The Yogi masters were right—meditation and breathing exercises can sharpen your mind

image_pdfDownload PDFimage_print
Credit: CC0 Public Domain

It has long been claimed by Yogis and Buddhists that meditation and ancient breath-focused practices, such as pranayama, strengthen our ability to focus on tasks. A new study by researchers at Trinity College Dublin explains for the first time the neurophysiological link between breathing and attention.

Breath-focused meditation and yogic breathing practices have numerous known cognitive benefits, including increased ability to focus, decreased mind wandering, improved arousal levels, more positive emotions, decreased emotional reactivity, along with many others. To date, however, no direct neurophysiological link between respiration and cognition has been suggested.

The research shows for the first time that breathing—a key element of meditation and mindfulness practices—directly affects the levels of a natural chemical messenger in the brain called noradrenaline. This chemical messenger is released when we are challenged, curious, exercised, focused or emotionally aroused, and, if produced at the right levels, helps the brain grow new connections, like a brain fertiliser. The way we breathe, in other words, directly affects the chemistry of our brains in a way that can enhance our attention and improve our brain health.

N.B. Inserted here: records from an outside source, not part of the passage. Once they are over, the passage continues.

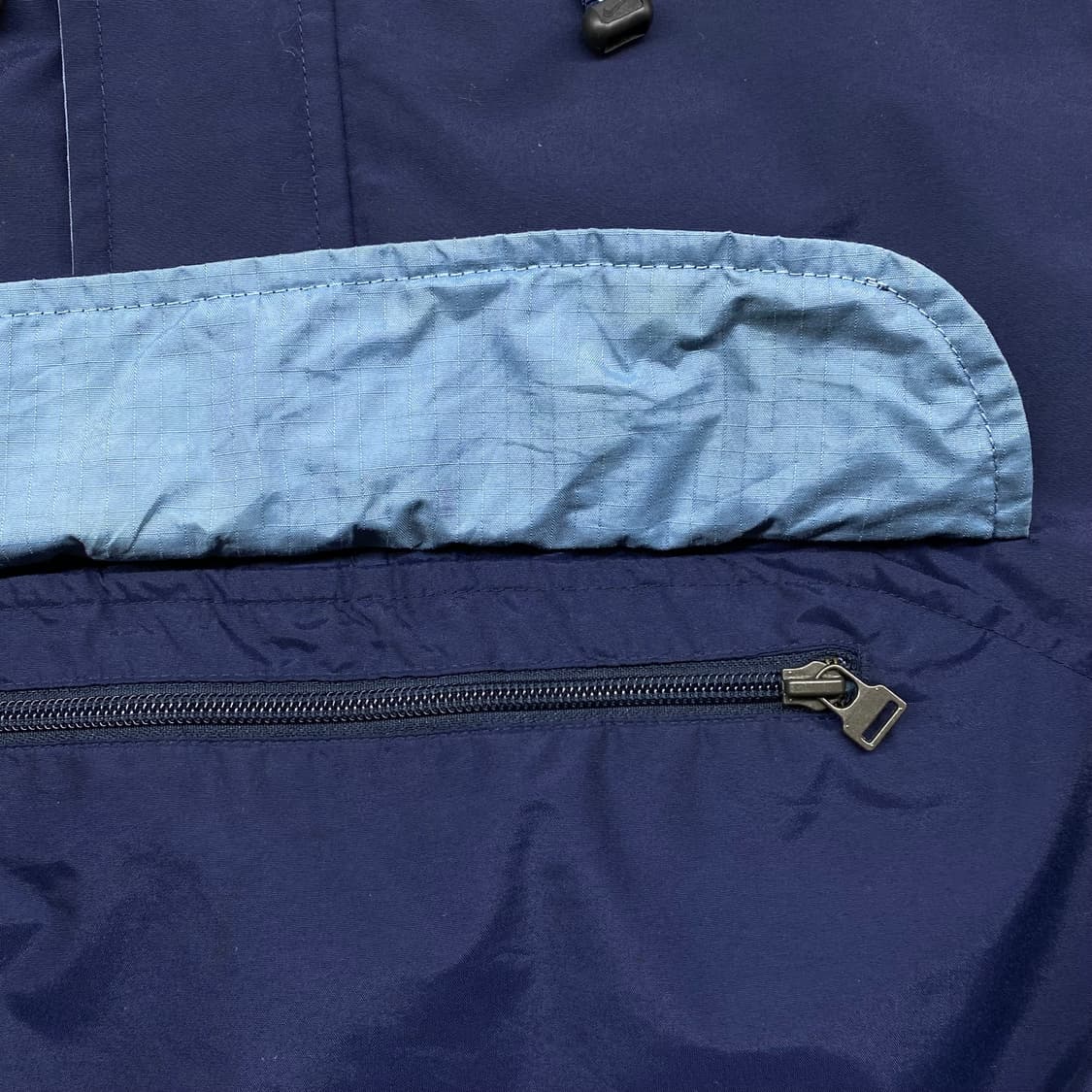 미국빈티지 90s 나이키 빅로고 바람막이 상품이미지4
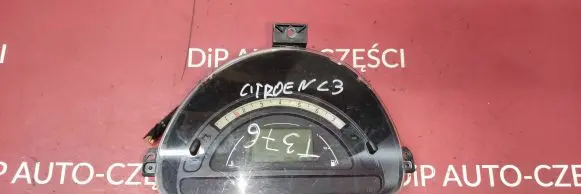 Citroen C3 Speedometer (instrument cluster) P9645994280B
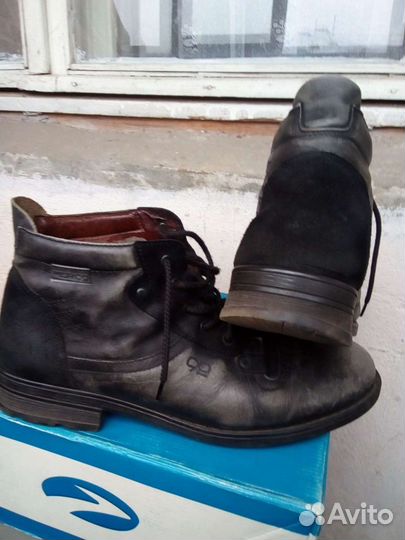 Ботинки 43р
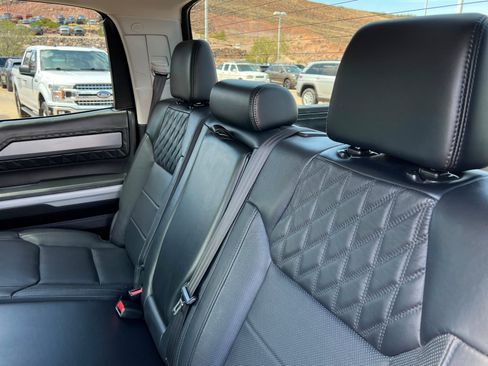 Certified 2019 Toyota Tundra Platinum AWD/4WD image 21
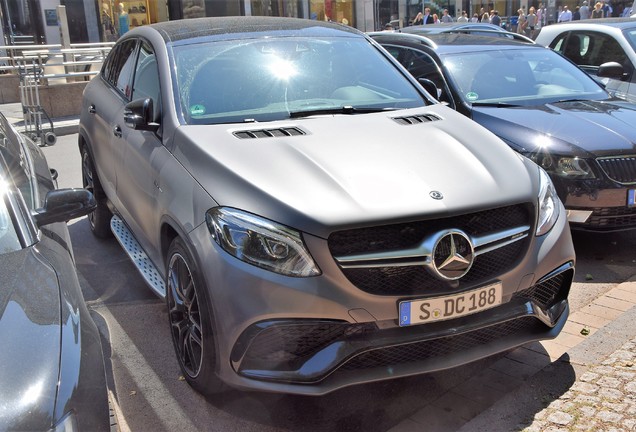 Mercedes-AMG GLE 63 Coupé C292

The study, carried out by researchers at Trinity College Institute of Neuroscience and the Global Brain Health Institute at Trinity, found that participants who focused well while undertaking a task that demanded a lot of attention had greater synchronisation between their breathing patterns and their attention, than those who had poor focus. The authors believe that it may be possible to use breath-control practices to stabilise attention and boost brain health.

Michael Melnychuk, Ph.D. candidate at the Trinity College Institute of Neuroscience, Trinity, and lead author of the study, explained: “Practitioners of yoga have claimed for some 2,500 years, that respiration influences the mind. In our study we looked for a neurophysiological link that could help explain these claims by measuring breathing, reaction time, and brain activity in a small area in the brainstem called the locus coeruleus, where noradrenaline is made. Noradrenaline is an all-purpose action system in the brain. When we are stressed we produce too much noradrenaline and we can’t focus. When we feel sluggish, we produce too little and again, we can’t focus. There is a sweet spot of noradrenaline in which our emotions, thinking and memory are much clearer.”

“This study has shown that as you breathe in locus coeruleus activity is increasing slightly, and as you breathe out it decreases. Put simply this means that our attention is influenced by our breath and that it rises and falls with the cycle of respiration. It is possible that by focusing on and regulating your breathing you can optimise your attention level and likewise, by focusing on your attention level, your breathing becomes more synchronised.”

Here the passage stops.